Assigned task:
Everything in the listing below should be repeated exactly.
Start of Block
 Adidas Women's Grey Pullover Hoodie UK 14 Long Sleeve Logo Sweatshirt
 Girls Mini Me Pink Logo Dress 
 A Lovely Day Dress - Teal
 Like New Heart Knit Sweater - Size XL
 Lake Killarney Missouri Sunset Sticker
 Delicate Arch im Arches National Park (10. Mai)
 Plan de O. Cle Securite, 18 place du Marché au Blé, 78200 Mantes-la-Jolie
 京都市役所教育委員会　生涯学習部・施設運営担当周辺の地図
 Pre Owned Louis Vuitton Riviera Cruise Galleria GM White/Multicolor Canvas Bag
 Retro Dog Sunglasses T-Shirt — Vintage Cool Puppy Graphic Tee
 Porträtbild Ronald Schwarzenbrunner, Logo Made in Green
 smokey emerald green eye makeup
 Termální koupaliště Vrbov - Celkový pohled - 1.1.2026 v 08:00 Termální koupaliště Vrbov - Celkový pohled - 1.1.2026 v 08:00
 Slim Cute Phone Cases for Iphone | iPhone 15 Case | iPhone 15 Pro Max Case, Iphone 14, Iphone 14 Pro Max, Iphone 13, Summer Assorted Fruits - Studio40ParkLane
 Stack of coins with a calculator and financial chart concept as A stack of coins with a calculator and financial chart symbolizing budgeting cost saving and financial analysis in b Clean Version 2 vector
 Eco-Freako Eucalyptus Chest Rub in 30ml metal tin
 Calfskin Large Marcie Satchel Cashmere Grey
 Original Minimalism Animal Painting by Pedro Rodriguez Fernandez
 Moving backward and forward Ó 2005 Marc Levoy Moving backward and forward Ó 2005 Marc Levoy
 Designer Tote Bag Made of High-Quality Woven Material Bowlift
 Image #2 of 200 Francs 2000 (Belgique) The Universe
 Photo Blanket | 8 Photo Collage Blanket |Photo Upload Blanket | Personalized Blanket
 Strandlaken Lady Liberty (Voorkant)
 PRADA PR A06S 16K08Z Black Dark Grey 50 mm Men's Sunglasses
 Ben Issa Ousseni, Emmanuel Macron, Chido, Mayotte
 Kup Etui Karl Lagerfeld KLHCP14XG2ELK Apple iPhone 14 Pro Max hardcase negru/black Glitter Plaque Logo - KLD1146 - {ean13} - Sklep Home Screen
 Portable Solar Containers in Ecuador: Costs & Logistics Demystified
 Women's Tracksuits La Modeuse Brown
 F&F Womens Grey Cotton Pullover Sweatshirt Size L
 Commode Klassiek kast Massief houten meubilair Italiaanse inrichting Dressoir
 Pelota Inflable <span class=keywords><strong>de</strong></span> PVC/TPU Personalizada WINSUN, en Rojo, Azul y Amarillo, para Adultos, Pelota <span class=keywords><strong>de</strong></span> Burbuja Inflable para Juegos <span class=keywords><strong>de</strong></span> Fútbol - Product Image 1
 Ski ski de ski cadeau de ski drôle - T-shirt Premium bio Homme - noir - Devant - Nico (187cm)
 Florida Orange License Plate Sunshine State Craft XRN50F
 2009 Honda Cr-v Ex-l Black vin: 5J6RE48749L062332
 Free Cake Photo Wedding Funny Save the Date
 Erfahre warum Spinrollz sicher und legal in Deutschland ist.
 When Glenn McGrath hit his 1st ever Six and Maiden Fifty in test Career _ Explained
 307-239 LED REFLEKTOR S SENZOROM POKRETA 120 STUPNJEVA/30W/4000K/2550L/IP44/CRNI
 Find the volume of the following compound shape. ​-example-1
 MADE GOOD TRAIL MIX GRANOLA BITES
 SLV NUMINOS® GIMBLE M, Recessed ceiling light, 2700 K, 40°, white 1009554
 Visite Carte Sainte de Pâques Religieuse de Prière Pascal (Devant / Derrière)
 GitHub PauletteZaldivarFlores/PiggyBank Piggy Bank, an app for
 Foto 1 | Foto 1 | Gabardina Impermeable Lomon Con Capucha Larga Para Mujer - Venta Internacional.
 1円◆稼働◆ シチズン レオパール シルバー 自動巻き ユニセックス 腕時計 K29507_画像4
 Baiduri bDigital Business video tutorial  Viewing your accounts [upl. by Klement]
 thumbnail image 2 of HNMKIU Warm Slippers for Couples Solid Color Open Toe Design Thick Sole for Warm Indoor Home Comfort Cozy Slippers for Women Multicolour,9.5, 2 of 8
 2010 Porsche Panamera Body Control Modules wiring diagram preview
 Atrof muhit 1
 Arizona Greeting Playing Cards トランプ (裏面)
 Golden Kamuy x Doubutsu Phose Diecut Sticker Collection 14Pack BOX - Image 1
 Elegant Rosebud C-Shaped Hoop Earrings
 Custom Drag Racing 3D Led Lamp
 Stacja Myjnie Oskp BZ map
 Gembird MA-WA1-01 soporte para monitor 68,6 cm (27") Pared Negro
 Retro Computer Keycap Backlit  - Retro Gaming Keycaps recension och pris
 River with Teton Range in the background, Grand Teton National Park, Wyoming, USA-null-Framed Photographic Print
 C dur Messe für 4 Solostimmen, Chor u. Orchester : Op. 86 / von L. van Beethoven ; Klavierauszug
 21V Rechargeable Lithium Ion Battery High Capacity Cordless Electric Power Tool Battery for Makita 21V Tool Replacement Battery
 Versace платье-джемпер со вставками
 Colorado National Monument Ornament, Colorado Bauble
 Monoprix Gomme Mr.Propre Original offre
End of Block
Final answer:
 Adidas Women's Grey Pullover Hoodie UK 14 Long Sleeve Logo Sweatshirt
 Girls Mini Me Pink Logo Dress 
 A Lovely Day Dress - Teal
 Like New Heart Knit Sweater - Size XL
 Lake Killarney Missouri Sunset Sticker
 Delicate Arch im Arches National Park (10. Mai)
 Plan de O. Cle Securite, 18 place du Marché au Blé, 78200 Mantes-la-Jolie
 京都市役所教育委員会　生涯学習部・施設運営担当周辺の地図
 Pre Owned Louis Vuitton Riviera Cruise Galleria GM White/Multicolor Canvas Bag
 Retro Dog Sunglasses T-Shirt — Vintage Cool Puppy Graphic Tee
 Porträtbild Ronald Schwarzenbrunner, Logo Made in Green
 smokey emerald green eye makeup
 Termální koupaliště Vrbov - Celkový pohled - 1.1.2026 v 08:00 Termální koupaliště Vrbov - Celkový pohled - 1.1.2026 v 08:00
 Slim Cute Phone Cases for Iphone | iPhone 15 Case | iPhone 15 Pro Max Case, Iphone 14, Iphone 14 Pro Max, Iphone 13, Summer Assorted Fruits - Studio40ParkLane
 Stack of coins with a calculator and financial chart concept as A stack of coins with a calculator and financial chart symbolizing budgeting cost saving and financial analysis in b Clean Version 2 vector
 Eco-Freako Eucalyptus Chest Rub in 30ml metal tin
 Calfskin Large Marcie Satchel Cashmere Grey
 Original Minimalism Animal Painting by Pedro Rodriguez Fernandez
 Moving backward and forward Ó 2005 Marc Levoy Moving backward and forward Ó 2005 Marc Levoy
 Designer Tote Bag Made of High-Quality Woven Material Bowlift
 Image #2 of 200 Francs 2000 (Belgique) The Universe
 Photo Blanket | 8 Photo Collage Blanket |Photo Upload Blanket | Personalized Blanket
 Strandlaken Lady Liberty (Voorkant)
 PRADA PR A06S 16K08Z Black Dark Grey 50 mm Men's Sunglasses
 Ben Issa Ousseni, Emmanuel Macron, Chido, Mayotte
 Kup Etui Karl Lagerfeld KLHCP14XG2ELK Apple iPhone 14 Pro Max hardcase negru/black Glitter Plaque Logo - KLD1146 - {ean13} - Sklep Home Screen
 Portable Solar Containers in Ecuador: Costs & Logistics Demystified
 Women's Tracksuits La Modeuse Brown
 F&F Womens Grey Cotton Pullover Sweatshirt Size L
 Commode Klassiek kast Massief houten meubilair Italiaanse inrichting Dressoir
 Pelota Inflable <span class=keywords><strong>de</strong></span> PVC/TPU Personalizada WINSUN, en Rojo, Azul y Amarillo, para Adultos, Pelota <span class=keywords><strong>de</strong></span> Burbuja Inflable para Juegos <span class=keywords><strong>de</strong></span> Fútbol - Product Image 1
 Ski ski de ski cadeau de ski drôle - T-shirt Premium bio Homme - noir - Devant - Nico (187cm)
 Florida Orange License Plate Sunshine State Craft XRN50F
 2009 Honda Cr-v Ex-l Black vin: 5J6RE48749L062332
 Free Cake Photo Wedding Funny Save the Date
 Erfahre warum Spinrollz sicher und legal in Deutschland ist.
 When Glenn McGrath hit his 1st ever Six and Maiden Fifty in test Career _ Explained
 307-239 LED REFLEKTOR S SENZOROM POKRETA 120 STUPNJEVA/30W/4000K/2550L/IP44/CRNI
 Find the volume of the following compound shape. ​-example-1
 MADE GOOD TRAIL MIX GRANOLA BITES
 SLV NUMINOS® GIMBLE M, Recessed ceiling light, 2700 K, 40°, white 1009554
 Visite Carte Sainte de Pâques Religieuse de Prière Pascal (Devant / Derrière)
 GitHub PauletteZaldivarFlores/PiggyBank Piggy Bank, an app for
 Foto 1 | Foto 1 | Gabardina Impermeable Lomon Con Capucha Larga Para Mujer - Venta Internacional.
 1円◆稼働◆ シチズン レオパール シルバー 自動巻き ユニセックス 腕時計 K29507_画像4
 Baiduri bDigital Business video tutorial  Viewing your accounts [upl. by Klement]
 thumbnail image 2 of HNMKIU Warm Slippers for Couples Solid Color Open Toe Design Thick Sole for Warm Indoor Home Comfort Cozy Slippers for Women Multicolour,9.5, 2 of 8
 2010 Porsche Panamera Body Control Modules wiring diagram preview
 Atrof muhit 1
 Arizona Greeting Playing Cards トランプ (裏面)
 Golden Kamuy x Doubutsu Phose Diecut Sticker Collection 14Pack BOX - Image 1
 Elegant Rosebud C-Shaped Hoop Earrings
 Custom Drag Racing 3D Led Lamp
 Stacja Myjnie Oskp BZ map
 Gembird MA-WA1-01 soporte para monitor 68,6 cm (27") Pared Negro
 Retro Computer Keycap Backlit  - Retro Gaming Keycaps recension och pris
 River with Teton Range in the background, Grand Teton National Park, Wyoming, USA-null-Framed Photographic Print
 C dur Messe für 4 Solostimmen, Chor u. Orchester : Op. 86 / von L. van Beethoven ; Klavierauszug
 21V Rechargeable Lithium Ion Battery High Capacity Cordless Electric Power Tool Battery for Makita 21V Tool Replacement Battery
 Versace платье-джемпер со вставками
 Colorado National Monument Ornament, Colorado Bauble
 Monoprix Gomme Mr.Propre Original offre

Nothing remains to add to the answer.